Bring it on home: Taking data from Google Analytics back to Marketo

Now that we’ve built all this cool data inside Google Analytics, what do we do with it? After all, while having access to this data is great, it can be a little opaque to work with. While Google Analytics is very useful for looking at data in aggregate, it’s less useful for looking at data individually—this really is the job of platforms like Marketo and your CRM. As a result, we’re going to need to extract the data and send it back to your Marketo instance to take action.

The Analytics Core Reporting API is built to distribute the data you’ve collected inside Google Analytics and send it elsewhere to other web services, such as…Marketo! Google offers some quick examples using JavaScript, Java, Python and PHP on how to create an API connector, but a handful of other wrappers are available if you’re looking for help in another programming language. Once you’ve set up your API connector, I recommend using Google’s Query Explorer to get an idea of some of the basic functions you can perform with the API. Those looking to do more complex operations should do a deep dive into the Dimensions and Metrics Explorer to see what combinations of values can be extracted from the API.

As an example, I’ve built a very basic query to retrieve users with Marketo IDs and calculate their average time on the website for the past 30 days using: https://www.googleapis.com/analytics/v3/data/ga?ids=ga%3AYYYYYYYYY&start-date=30daysAgo&end-date=yes...

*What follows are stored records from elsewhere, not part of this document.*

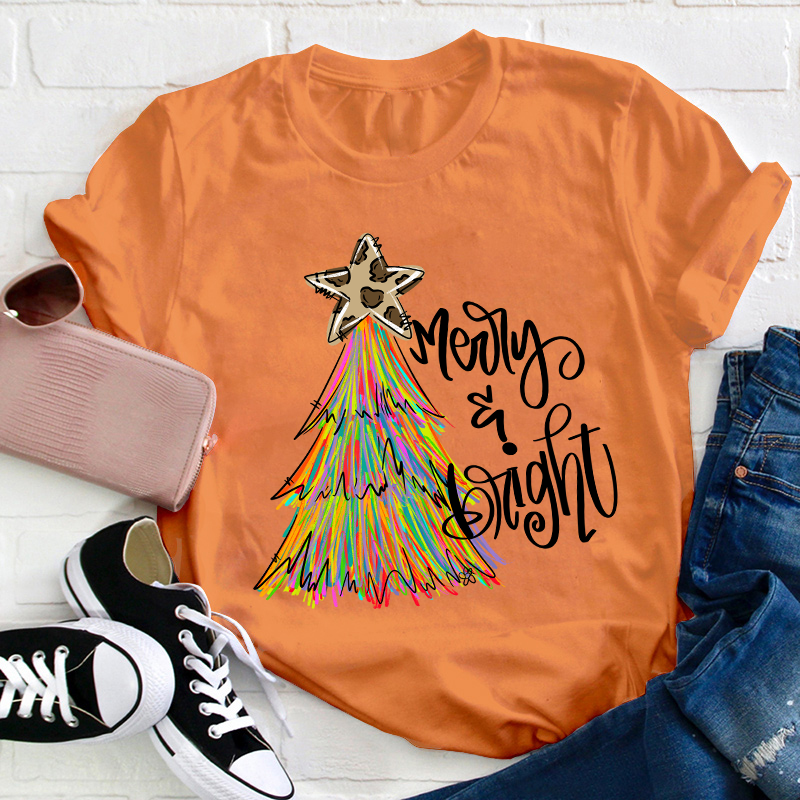 Merry And Bright Teacher T-Shirt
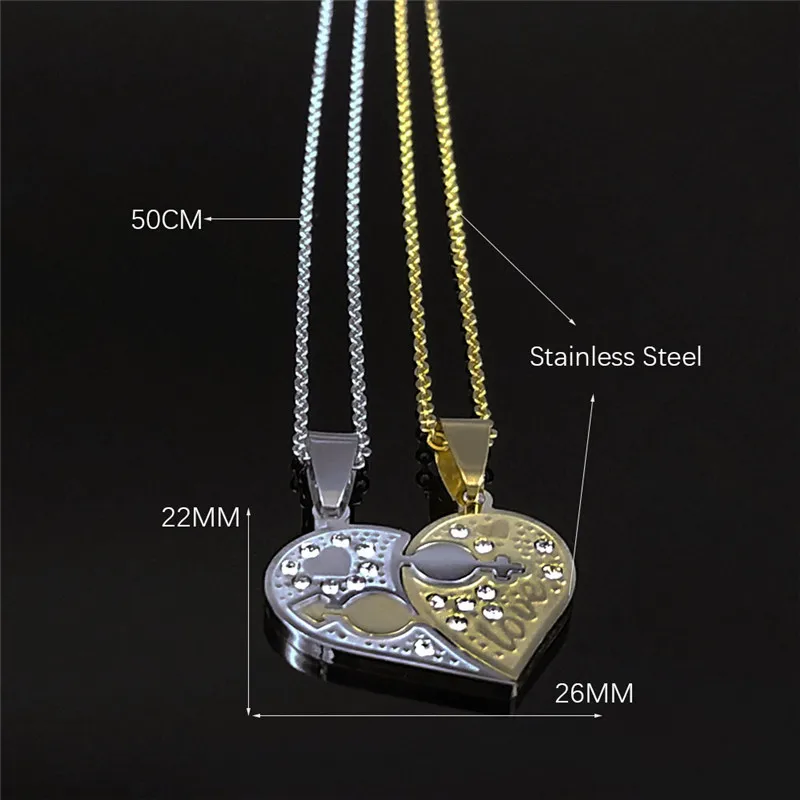 

2PCS Male Female Symbols Heart Crystal Stainless Steel Women/Men Gold Silver Color Couple Necklaces Jewelry collares NXH25S02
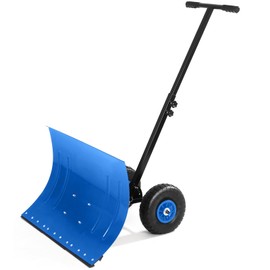 Snow Shovel with Wheels,29.1" W x 19.3" H Heavy Duty Snow Pusher for Driveway,Ergonomic Snow Pusher Shovel with Snow Removal Adjustable Angle & Height Handle for Driveway, Pavement (Blue)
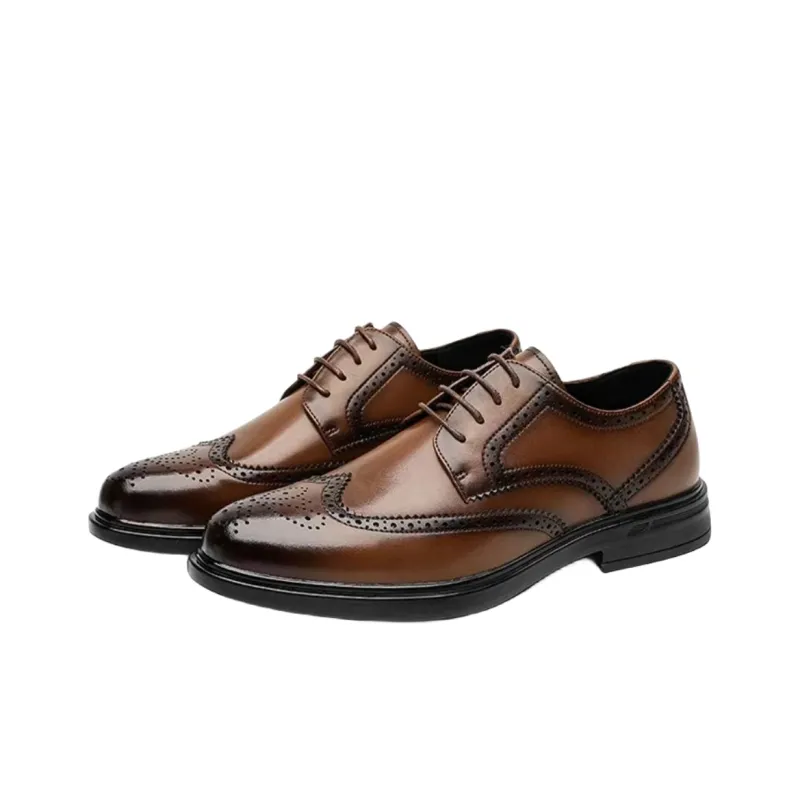 KACHILANG Dress Shoes Men Low Top Black-6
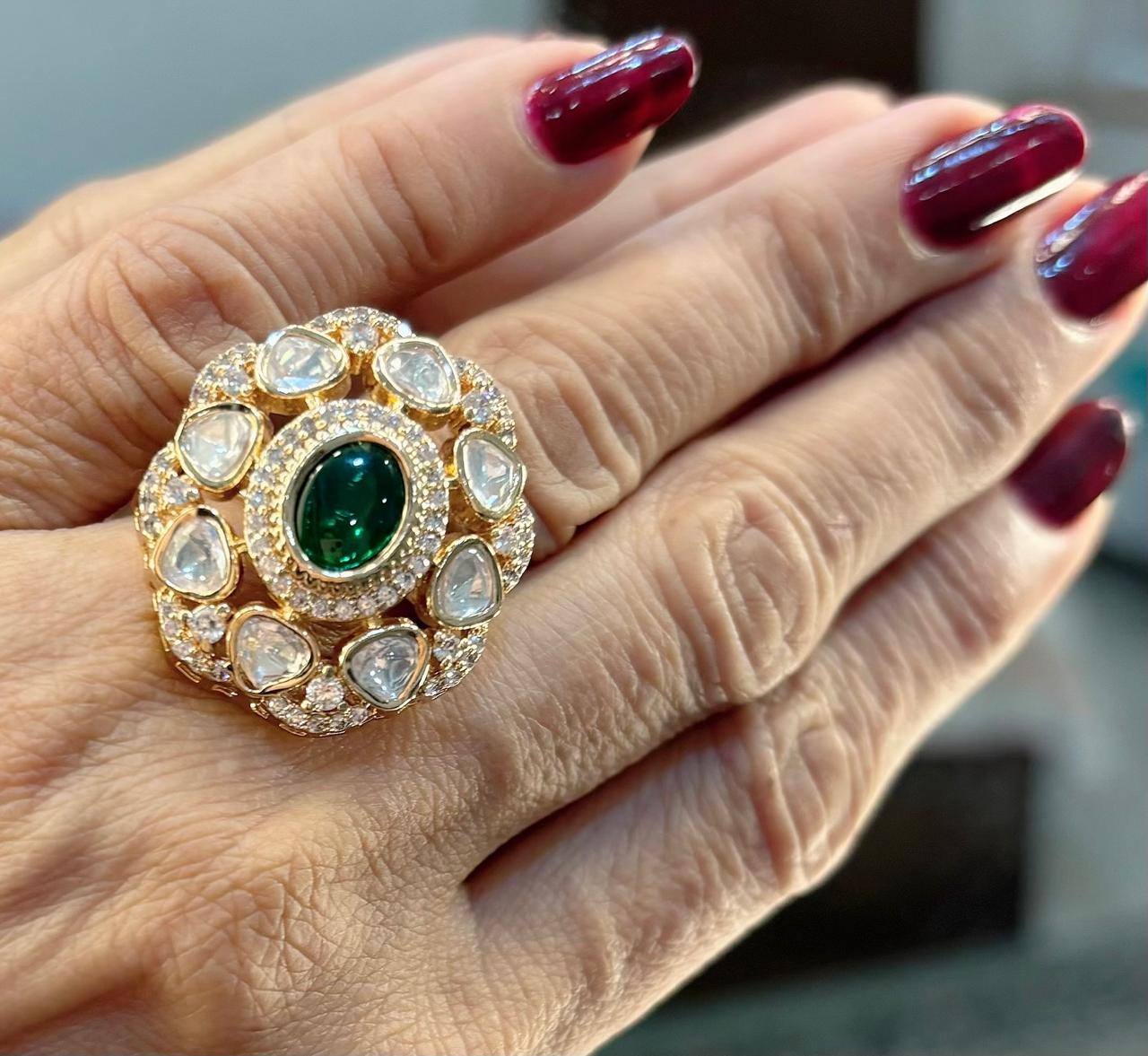 kundan and emerald adjustable gold ring
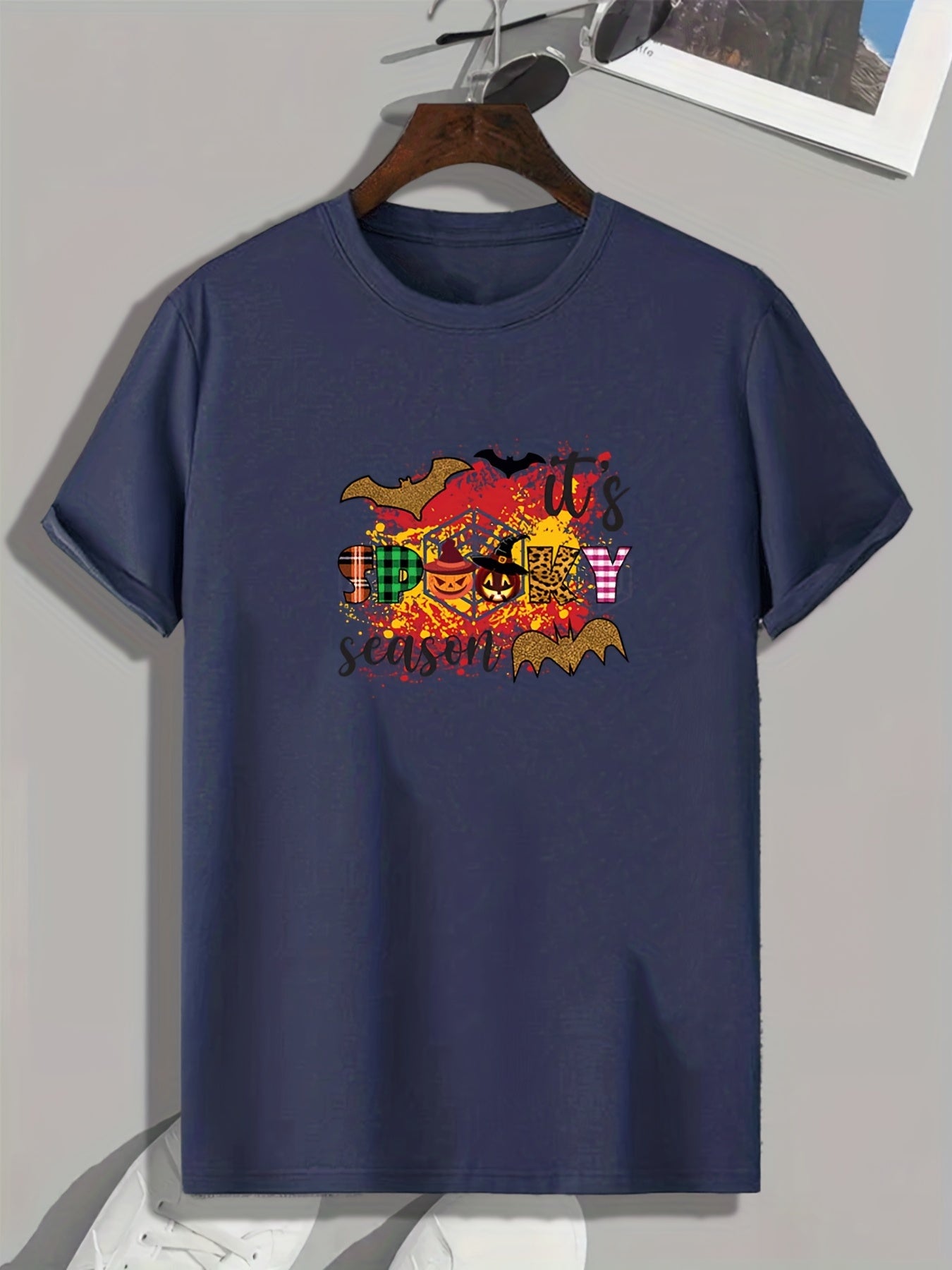 Men's Spooky Season Print T-shirt Crew Neck Tee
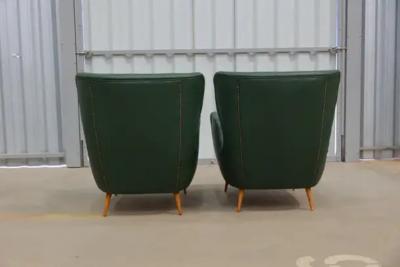 Carlo Hauner Brazilian Armchairs Pouf in Hardwood Leather and Fabric Carlo Hauner 1950s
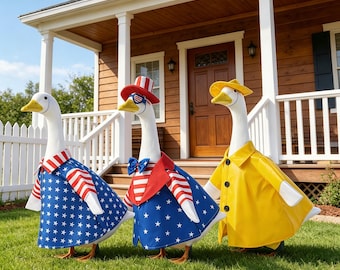 Conjunto de impermeable para ganso de jardín / Ropa para ganso de porche de 23 pulgadas / Abrigo amarillo impermeable / Lindo regalo de decoración para el jardín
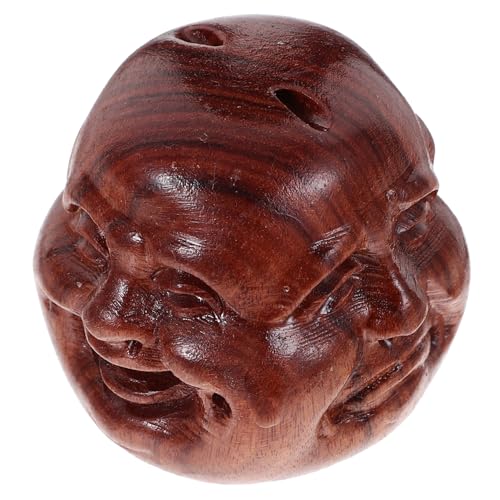 Alipis Geschnitzte Holzfigur Zen Räucherstäbchenhalter Golddekor Kopf Spirituelles Statuen Dekoration Heimfiguren Mini Mönch Dekorative Holzschnitzerei Handwerk von Alipis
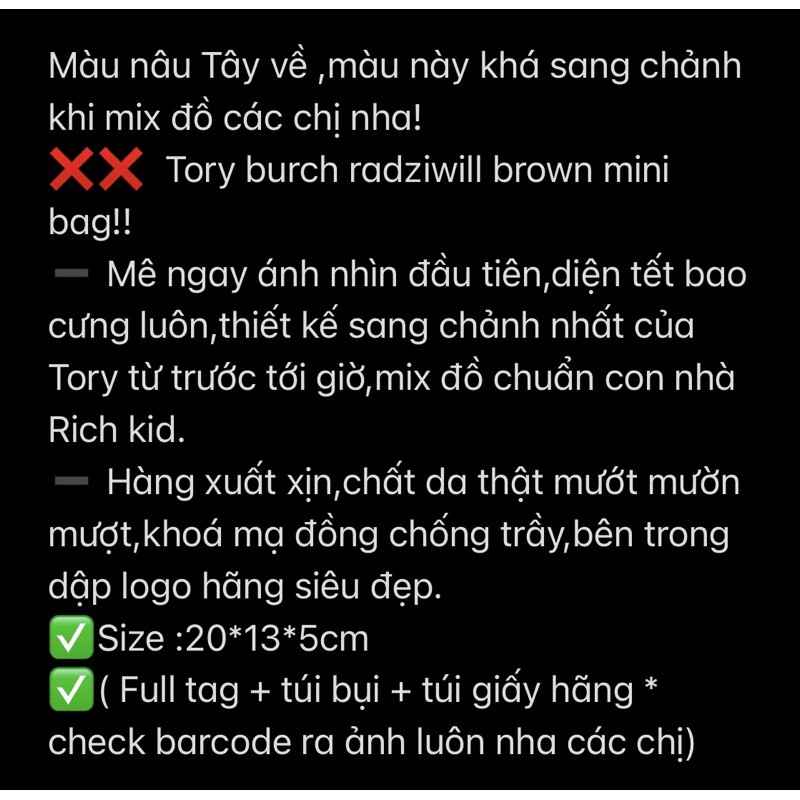 TÚI TO RY RADZIWILL MINI - XUẤT DƯ - SẴN HÀNG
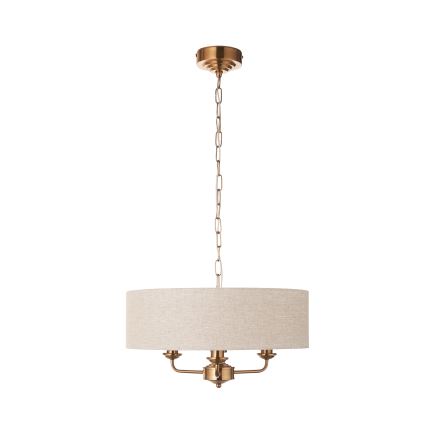 Endon 110723 - Lestenec na verigi HIGHCLERE 3xE14/40W/230V bež/medenina pr. 45 cm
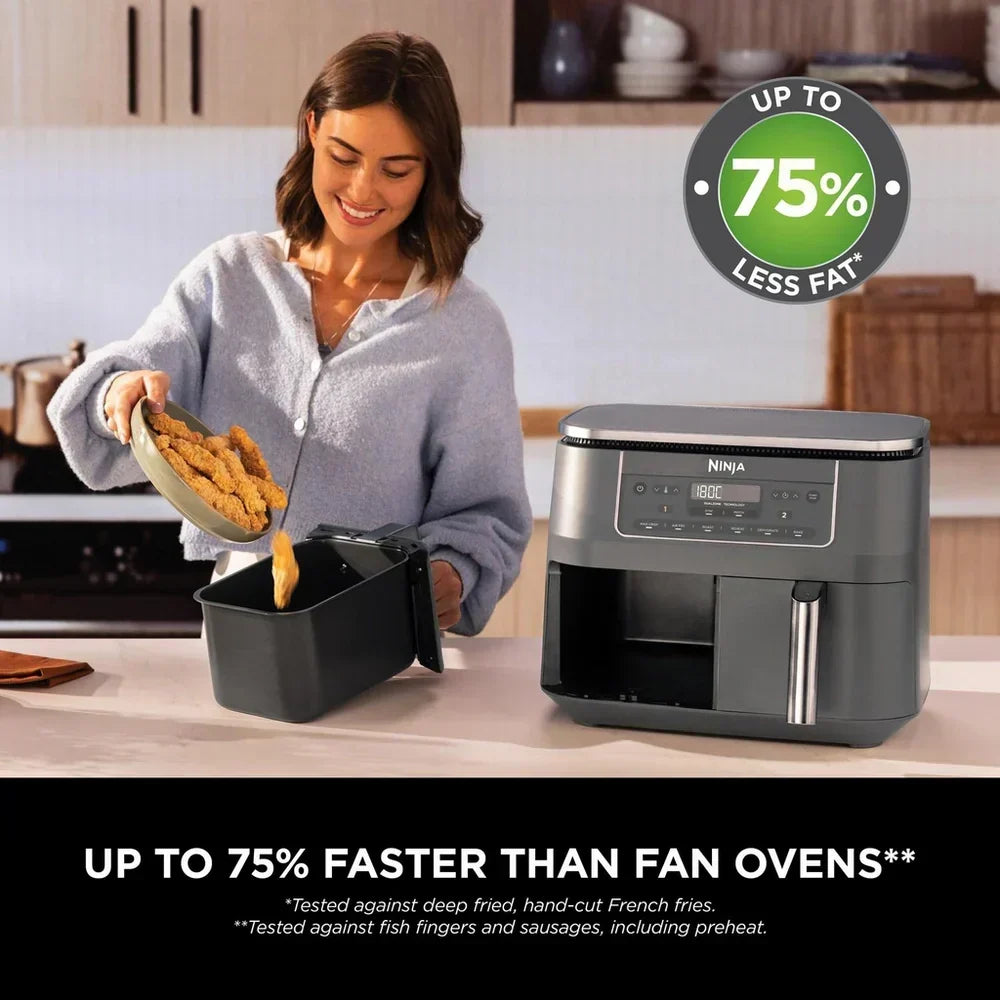 Ninja 6 in 1 Dual Zone Air Fryer 7.6L DZ300UK - Gun Metal Grey - View 6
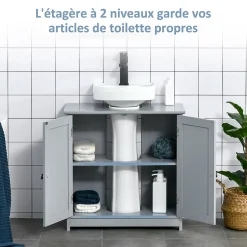 kleankin Meuble sous-vasque - 2 portes rainurées avec étagère réglable - poignées métal chromé - dim. 60L x 30l x 60H cm - MDF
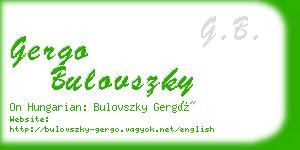 gergo bulovszky business card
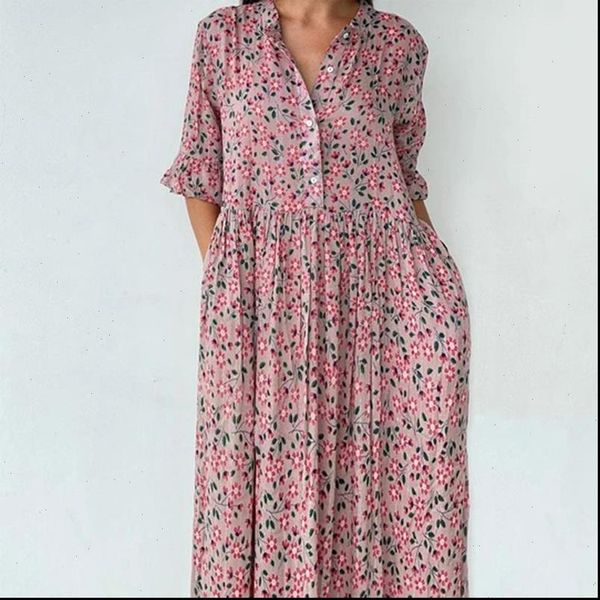 

floral print womens dress summer women bohemian short sleeve woman maxi pink a line ruffles dresses for robe femme, Black;gray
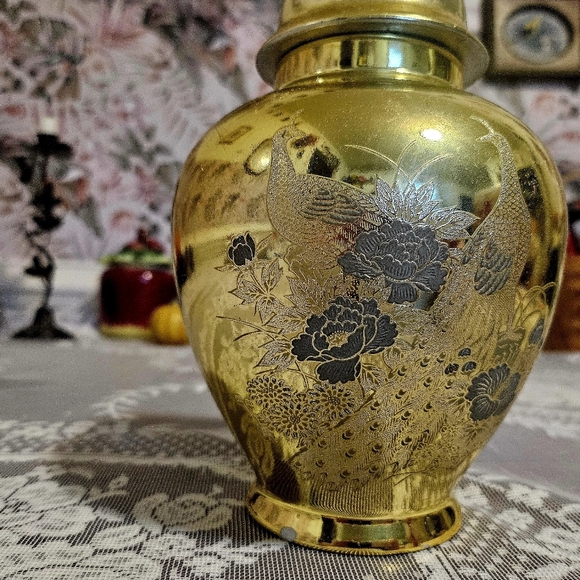 Japanese Ginger Jar Gold Gilt Silver Pheasant - Picture 4 of 7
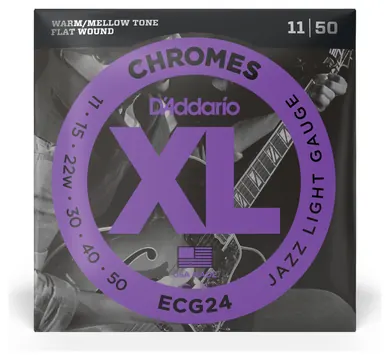 D'Addario ECG24 Chromes Flat Wound Electric Guitar Strings, Jazz Light, 11-50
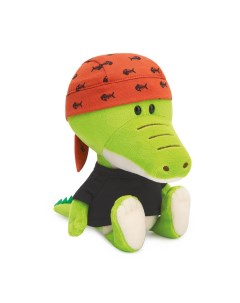 Мягкая игрушка Крокодильчик Кики в черной футболке и бандане 15 см Budi basa
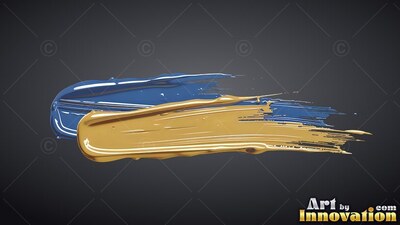 Glossy blue and wet gold paint strokes sweep together along a dark gray backdrop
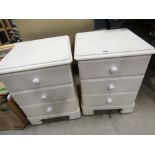 Pair of cream painted 3 drawer bedside cabinets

This returns the following JSON results, which show both the Marketo ID of a user and their average time spent on a page—as you can see, good ol’ 7498 (a.k.a. this author) has no time to be spending on individual pages. From here, you can integrate the query into your larger Marketo API connections to send this data, using the Marketo ID as a key, to custom fields, storing whatever data you want.

The invaluable insight you get as a result of implementing these within your system—what content items are performing best, why your forms aren’t converting visitors, how many visitors shared your content—allows you to deeply analyze what works and what doesn’t, helping you to improve the quality of what you’re putting out there and how you are putting it out there.